> [DIRECTIONS]: Take the lines below between the one holding "Imagen general del" and the one holding "1048 N Hermosa Dr", inclusive, and copy them exactly. Add nothing.

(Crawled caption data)
- - -

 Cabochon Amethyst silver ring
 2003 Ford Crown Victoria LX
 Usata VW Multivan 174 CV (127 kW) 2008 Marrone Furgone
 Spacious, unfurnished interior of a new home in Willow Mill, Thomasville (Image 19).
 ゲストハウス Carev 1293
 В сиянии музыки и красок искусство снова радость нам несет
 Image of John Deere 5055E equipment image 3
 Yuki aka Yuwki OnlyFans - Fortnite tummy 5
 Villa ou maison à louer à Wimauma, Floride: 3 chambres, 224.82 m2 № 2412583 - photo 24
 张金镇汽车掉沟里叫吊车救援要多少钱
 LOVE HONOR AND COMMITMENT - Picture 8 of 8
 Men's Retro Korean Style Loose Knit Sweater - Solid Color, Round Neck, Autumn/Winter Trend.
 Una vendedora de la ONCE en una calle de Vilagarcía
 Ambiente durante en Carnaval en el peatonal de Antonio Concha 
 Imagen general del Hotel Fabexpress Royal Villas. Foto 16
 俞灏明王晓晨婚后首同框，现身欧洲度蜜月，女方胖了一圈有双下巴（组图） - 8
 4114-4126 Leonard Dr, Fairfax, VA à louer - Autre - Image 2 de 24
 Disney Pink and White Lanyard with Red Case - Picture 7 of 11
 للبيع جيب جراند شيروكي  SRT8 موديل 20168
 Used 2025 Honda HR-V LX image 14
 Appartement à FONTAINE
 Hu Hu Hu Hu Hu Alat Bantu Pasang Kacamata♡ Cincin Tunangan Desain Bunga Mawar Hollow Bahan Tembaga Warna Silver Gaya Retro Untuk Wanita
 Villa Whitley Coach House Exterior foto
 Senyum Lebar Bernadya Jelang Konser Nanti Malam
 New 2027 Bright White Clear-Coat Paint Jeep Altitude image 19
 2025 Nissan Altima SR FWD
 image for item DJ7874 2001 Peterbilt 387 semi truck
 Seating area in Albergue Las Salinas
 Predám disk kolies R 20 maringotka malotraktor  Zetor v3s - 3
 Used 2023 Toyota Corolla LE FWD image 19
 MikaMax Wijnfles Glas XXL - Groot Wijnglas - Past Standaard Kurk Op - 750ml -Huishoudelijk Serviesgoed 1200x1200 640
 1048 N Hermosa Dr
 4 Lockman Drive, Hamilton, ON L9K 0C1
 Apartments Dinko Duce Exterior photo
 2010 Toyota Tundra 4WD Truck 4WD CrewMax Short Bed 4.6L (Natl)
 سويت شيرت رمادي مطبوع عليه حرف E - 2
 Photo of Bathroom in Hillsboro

- - -

> [WRITTEN RESPONSE]:
 Imagen general del Hotel Fabexpress Royal Villas. Foto 16
 俞灏明王晓晨婚后首同框，现身欧洲度蜜月，女方胖了一圈有双下巴（组图） - 8
 4114-4126 Leonard Dr, Fairfax, VA à louer - Autre - Image 2 de 24
 Disney Pink and White Lanyard with Red Case - Picture 7 of 11
 للبيع جيب جراند شيروكي  SRT8 موديل 20168
 Used 2025 Honda HR-V LX image 14
 Appartement à FONTAINE
 Hu Hu Hu Hu Hu Alat Bantu Pasang Kacamata♡ Cincin Tunangan Desain Bunga Mawar Hollow Bahan Tembaga Warna Silver Gaya Retro Untuk Wanita
 Villa Whitley Coach House Exterior foto
 Senyum Lebar Bernadya Jelang Konser Nanti Malam
 New 2027 Bright White Clear-Coat Paint Jeep Altitude image 19
 2025 Nissan Altima SR FWD
 image for item DJ7874 2001 Peterbilt 387 semi truck
 Seating area in Albergue Las Salinas
 Predám disk kolies R 20 maringotka malotraktor  Zetor v3s - 3
 Used 2023 Toyota Corolla LE FWD image 19
 MikaMax Wijnfles Glas XXL - Groot Wijnglas - Past Standaard Kurk Op - 750ml -Huishoudelijk Serviesgoed 1200x1200 640
 1048 N Hermosa Dr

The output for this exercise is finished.